- Opening Delimiter -
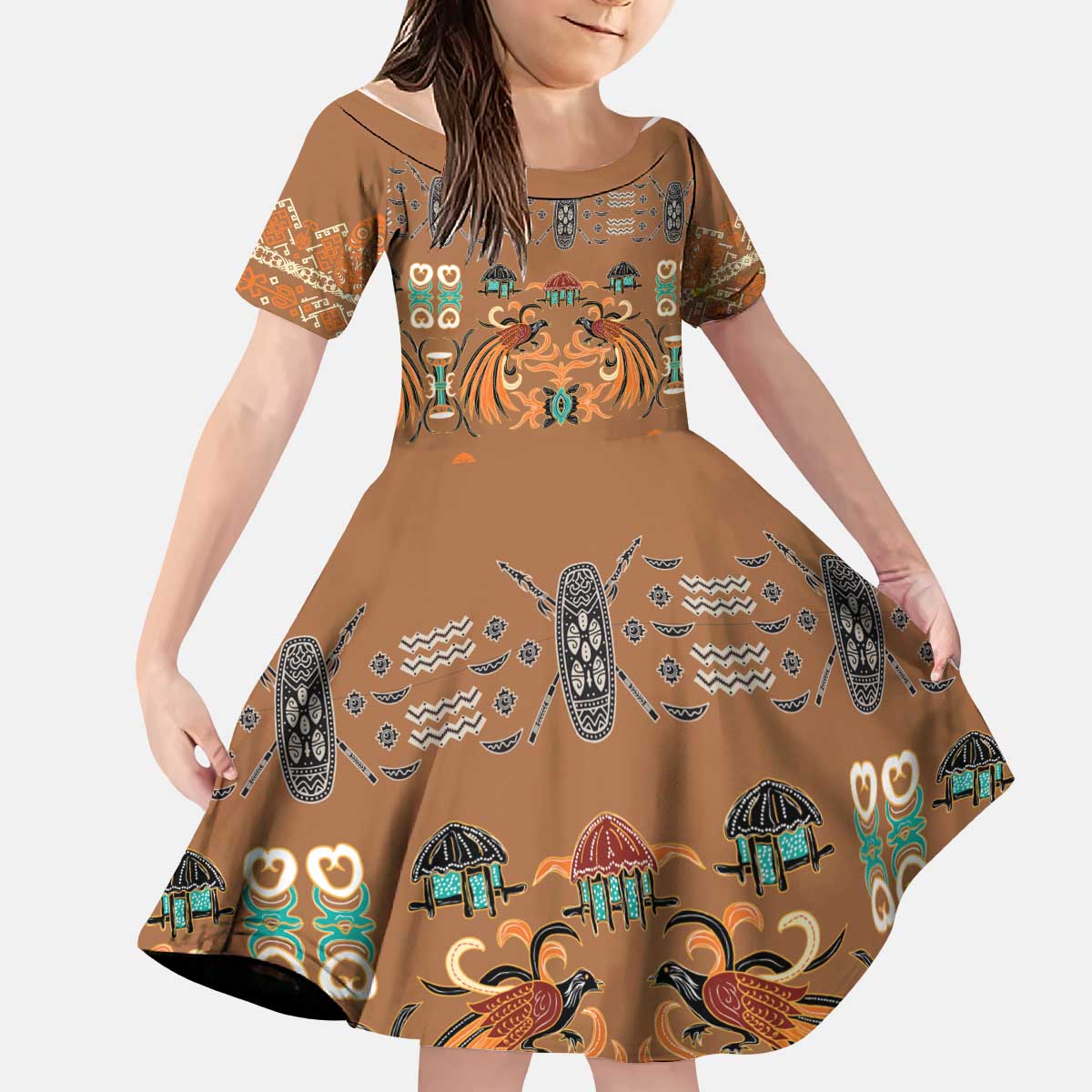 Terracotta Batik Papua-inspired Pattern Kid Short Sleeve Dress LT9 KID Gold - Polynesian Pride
- Closing Delimiter -
- Opening Delimiter -
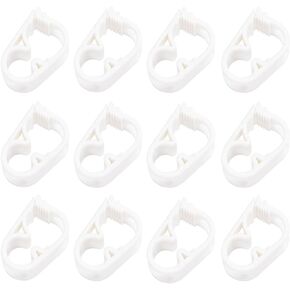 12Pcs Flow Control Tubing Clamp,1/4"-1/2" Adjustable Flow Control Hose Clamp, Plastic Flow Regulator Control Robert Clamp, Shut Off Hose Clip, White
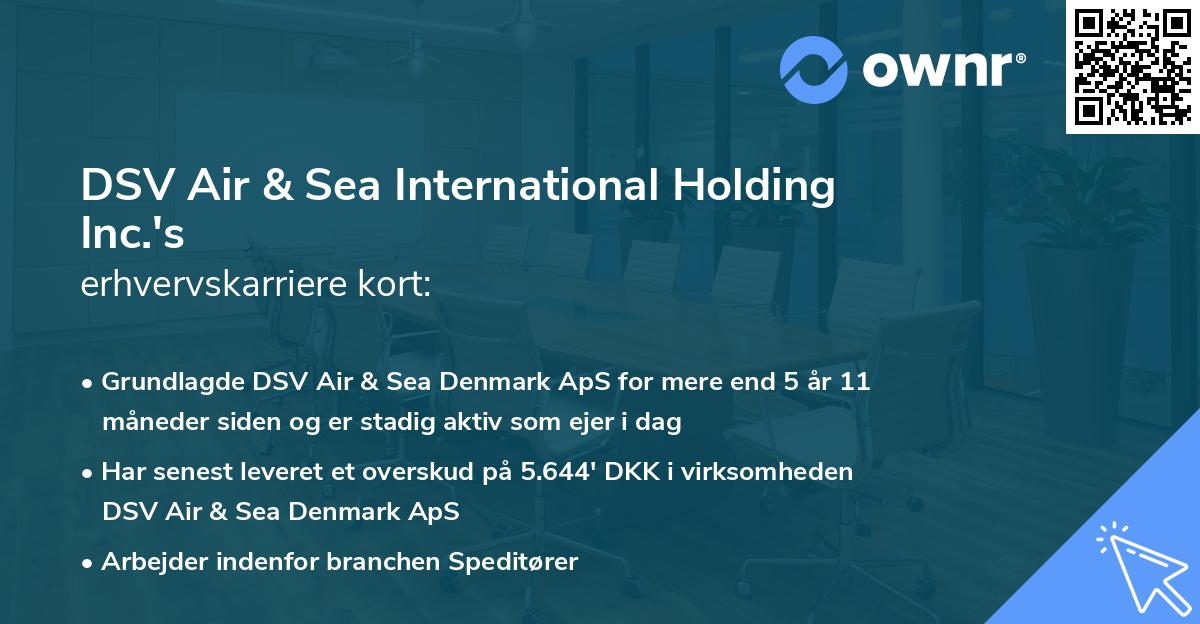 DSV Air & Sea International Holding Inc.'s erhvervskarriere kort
- Closing Delimiter -
WHAT IS EXPECTED -> What is wanted is an exact copy of the lines above from the one containing "12Pcs Flow Control" through the one containing "DSV Air & Sea", with no pictures in it.

RESULT ->
 12Pcs Flow Control Tubing Clamp,1/4"-1/2" Adjustable Flow Control Hose Clamp, Plastic Flow Regulator Control Robert Clamp, Shut Off Hose Clip, White
 DSV Air & Sea International Holding Inc.'s erhvervskarriere kort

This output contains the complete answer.